There is no silver bullet solution to reducing audio-visual (AV) spending — equipment is expensive to buy, store, maintain, and manage with skilled labour.
Yet AV plays a vital role in enabling us to communicate with event attendees. NW Group’s Lizzi Lovegrove shares her top tips on how to confidently manage AV on a budget.
AV costs for events are often questioned. However, being clear and communicative will help to stick to budgets.
When planning events, engage with the AV provider as early as possible. Bring them on the journey and discuss the purpose of the event. If information isn’t provided, assumptions on requirements may happen, which leads to equipment on a quote that isn’t needed. Be clear. By talking through the agenda, acknowledging what’s important and identifying low-priority items, you’ll be positioning the event for the best possible tailored quote.

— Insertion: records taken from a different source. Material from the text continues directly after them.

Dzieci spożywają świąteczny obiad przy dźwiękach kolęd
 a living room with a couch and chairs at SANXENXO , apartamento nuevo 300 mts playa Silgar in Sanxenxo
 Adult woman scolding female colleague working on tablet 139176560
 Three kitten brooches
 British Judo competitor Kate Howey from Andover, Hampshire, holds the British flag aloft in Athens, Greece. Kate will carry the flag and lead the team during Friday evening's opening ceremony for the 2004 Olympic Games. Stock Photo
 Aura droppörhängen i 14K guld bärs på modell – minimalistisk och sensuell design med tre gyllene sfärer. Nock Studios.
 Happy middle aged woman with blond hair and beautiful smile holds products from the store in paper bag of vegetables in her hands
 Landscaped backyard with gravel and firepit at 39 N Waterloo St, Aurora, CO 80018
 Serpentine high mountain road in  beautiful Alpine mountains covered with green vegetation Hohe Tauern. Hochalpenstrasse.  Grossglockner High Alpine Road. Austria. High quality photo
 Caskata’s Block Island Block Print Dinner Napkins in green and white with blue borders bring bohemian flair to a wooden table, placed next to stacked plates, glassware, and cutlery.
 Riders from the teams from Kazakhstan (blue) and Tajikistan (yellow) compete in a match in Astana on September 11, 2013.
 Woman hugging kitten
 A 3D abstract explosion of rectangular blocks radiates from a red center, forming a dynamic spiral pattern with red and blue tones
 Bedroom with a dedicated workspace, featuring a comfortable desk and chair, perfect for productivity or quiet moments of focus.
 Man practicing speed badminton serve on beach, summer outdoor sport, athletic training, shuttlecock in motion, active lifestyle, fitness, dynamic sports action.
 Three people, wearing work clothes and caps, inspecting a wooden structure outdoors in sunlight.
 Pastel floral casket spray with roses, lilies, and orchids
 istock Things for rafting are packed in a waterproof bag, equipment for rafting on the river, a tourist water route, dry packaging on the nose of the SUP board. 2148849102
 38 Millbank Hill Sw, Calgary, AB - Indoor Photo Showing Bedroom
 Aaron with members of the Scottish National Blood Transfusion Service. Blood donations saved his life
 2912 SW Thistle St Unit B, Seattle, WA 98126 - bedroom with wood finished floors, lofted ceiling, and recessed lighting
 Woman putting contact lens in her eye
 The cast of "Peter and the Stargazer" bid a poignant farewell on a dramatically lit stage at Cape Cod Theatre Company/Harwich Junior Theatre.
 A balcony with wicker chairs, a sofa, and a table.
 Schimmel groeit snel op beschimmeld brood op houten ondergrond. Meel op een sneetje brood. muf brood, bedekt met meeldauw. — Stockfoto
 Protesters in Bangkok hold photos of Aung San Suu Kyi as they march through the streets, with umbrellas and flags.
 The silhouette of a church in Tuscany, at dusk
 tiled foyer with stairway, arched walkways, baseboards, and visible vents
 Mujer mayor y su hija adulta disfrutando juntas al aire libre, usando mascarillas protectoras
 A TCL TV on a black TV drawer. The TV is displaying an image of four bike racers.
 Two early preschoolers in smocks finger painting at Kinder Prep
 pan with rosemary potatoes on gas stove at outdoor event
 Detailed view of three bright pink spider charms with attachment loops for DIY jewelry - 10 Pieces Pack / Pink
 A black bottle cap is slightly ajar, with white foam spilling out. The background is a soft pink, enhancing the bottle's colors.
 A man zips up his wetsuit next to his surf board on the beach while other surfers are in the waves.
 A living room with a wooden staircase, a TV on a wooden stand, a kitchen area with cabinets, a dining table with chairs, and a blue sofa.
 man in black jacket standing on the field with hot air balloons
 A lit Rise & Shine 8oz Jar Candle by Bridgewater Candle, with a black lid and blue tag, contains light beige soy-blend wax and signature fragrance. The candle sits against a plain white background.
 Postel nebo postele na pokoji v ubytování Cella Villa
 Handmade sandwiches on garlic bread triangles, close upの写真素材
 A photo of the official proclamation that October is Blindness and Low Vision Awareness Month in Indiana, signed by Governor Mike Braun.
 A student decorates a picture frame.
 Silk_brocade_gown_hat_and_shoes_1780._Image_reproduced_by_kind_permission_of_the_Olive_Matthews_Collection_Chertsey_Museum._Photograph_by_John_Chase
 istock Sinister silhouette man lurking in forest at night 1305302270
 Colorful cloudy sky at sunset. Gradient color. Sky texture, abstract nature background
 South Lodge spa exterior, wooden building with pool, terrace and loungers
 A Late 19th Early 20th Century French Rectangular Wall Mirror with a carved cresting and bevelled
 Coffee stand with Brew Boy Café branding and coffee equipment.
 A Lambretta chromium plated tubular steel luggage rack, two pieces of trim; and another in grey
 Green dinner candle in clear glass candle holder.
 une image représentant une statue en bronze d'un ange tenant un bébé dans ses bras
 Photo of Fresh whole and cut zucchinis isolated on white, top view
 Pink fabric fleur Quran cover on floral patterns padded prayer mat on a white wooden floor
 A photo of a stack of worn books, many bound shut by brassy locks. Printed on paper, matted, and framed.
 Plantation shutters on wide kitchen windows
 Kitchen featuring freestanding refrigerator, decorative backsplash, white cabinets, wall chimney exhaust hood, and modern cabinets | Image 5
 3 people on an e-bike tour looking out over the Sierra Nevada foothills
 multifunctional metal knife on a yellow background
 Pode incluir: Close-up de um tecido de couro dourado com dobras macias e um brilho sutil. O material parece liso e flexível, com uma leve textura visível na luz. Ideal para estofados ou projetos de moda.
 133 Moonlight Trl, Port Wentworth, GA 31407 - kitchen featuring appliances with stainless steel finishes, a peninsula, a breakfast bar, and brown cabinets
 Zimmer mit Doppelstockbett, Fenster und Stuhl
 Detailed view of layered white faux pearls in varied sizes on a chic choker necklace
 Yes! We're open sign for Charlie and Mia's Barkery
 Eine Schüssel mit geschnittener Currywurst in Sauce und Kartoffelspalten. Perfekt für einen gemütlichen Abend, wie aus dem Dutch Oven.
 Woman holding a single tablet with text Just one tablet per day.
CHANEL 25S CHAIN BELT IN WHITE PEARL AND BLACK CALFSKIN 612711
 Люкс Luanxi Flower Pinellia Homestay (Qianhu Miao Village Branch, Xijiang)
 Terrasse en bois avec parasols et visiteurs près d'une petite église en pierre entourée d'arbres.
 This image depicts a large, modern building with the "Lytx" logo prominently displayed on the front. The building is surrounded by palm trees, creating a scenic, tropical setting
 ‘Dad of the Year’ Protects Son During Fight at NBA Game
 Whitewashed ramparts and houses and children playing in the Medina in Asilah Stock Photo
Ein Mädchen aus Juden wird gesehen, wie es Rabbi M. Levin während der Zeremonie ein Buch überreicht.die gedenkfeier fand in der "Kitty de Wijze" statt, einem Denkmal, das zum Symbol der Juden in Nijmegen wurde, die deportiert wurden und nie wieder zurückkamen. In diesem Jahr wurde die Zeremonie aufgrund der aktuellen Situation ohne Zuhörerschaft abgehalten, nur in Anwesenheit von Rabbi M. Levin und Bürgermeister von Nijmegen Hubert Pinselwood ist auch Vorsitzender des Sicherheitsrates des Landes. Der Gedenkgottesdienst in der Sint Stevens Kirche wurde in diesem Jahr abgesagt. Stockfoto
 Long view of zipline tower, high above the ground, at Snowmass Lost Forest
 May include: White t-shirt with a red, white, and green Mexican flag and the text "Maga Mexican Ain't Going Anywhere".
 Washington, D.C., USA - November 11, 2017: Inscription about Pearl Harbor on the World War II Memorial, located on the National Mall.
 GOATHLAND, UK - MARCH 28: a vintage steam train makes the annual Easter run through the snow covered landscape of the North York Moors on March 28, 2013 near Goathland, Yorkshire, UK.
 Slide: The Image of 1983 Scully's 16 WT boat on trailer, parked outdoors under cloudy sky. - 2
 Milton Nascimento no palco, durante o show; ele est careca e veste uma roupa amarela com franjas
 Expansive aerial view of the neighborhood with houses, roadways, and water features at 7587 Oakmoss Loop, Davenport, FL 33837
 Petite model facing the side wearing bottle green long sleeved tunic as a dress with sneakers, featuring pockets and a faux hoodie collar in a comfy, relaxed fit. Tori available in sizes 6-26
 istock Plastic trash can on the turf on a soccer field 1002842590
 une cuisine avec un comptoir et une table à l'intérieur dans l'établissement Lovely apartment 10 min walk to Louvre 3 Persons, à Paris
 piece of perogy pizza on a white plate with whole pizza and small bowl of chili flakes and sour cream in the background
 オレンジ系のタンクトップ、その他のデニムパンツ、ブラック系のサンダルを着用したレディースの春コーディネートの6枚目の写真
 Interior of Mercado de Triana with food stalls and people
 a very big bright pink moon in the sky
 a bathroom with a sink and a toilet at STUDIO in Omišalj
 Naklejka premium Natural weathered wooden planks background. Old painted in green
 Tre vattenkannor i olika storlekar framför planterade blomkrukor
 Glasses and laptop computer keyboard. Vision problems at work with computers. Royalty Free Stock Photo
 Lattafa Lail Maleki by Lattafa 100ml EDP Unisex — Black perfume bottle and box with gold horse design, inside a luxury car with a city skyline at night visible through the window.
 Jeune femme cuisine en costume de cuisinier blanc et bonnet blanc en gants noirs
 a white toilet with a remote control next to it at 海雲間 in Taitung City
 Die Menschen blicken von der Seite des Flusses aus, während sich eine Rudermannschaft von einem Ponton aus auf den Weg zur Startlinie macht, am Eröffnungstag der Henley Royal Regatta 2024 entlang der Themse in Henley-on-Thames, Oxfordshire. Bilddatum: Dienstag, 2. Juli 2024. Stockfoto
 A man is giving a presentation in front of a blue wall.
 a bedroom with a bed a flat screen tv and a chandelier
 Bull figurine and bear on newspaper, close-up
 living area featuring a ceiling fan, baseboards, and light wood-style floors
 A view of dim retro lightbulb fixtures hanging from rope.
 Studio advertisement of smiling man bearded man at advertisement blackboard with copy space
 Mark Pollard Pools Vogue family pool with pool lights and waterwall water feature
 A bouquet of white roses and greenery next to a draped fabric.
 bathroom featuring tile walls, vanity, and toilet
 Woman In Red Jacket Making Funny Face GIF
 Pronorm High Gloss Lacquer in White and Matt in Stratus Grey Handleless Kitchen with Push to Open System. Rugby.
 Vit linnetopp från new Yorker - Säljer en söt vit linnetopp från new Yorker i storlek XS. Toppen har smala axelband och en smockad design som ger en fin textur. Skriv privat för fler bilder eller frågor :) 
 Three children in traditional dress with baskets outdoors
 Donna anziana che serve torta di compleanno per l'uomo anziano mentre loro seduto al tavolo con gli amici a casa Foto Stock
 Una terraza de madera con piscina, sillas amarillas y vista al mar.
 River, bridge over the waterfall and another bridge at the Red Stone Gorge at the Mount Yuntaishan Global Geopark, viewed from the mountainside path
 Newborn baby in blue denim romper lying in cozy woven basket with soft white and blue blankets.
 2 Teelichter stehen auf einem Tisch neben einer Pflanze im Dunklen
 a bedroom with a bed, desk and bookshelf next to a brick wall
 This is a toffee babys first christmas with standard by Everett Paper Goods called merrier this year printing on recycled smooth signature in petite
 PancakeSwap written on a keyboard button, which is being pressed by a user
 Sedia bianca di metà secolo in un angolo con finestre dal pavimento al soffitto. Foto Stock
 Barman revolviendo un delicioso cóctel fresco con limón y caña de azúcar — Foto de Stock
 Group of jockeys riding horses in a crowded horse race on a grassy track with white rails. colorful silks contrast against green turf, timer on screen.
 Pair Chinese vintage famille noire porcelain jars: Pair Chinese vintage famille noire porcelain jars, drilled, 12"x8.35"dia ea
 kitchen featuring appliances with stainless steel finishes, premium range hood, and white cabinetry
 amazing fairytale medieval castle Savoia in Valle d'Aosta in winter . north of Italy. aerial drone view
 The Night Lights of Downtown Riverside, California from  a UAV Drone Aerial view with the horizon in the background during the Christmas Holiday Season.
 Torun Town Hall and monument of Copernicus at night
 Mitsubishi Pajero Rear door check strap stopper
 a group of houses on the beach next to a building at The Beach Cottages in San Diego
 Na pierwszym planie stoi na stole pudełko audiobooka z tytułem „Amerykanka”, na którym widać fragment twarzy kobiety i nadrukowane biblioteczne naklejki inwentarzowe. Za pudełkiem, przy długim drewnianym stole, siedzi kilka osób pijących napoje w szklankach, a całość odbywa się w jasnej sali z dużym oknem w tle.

Save yourself time by being clear about budgets in the initial briefing. If you don’t have an exact figure in mind, go for a ballpark. This allows the AV supplier to provide a solution to meet your budget. Don’t be afraid to give a budget and ask what solution they can provide for you, based on your brief and the funds available.
Communicate with your speakers about levels of AV support at the event and equipment resources available to them. That way, you can remove unneeded items from the quote. Equally as important, you don’t want them to feel unsupported if they don’t have their requirements met to deliver their presentation. Presenters can be hard to get a hold of, but preparation is the best outcome for your event and their presentation.
You are entitled to an itemised quote, particularly if you want to get a better understanding of where your money is being spent and why. If you are over budget and unsure of the equipment description, schedule a call with your AV provider so they can talk you through everything in detail. This exercise is twofold. It educates and empowers you to get a better understanding of what the technical equipment does. Secondly, it helps to prioritise what’s important.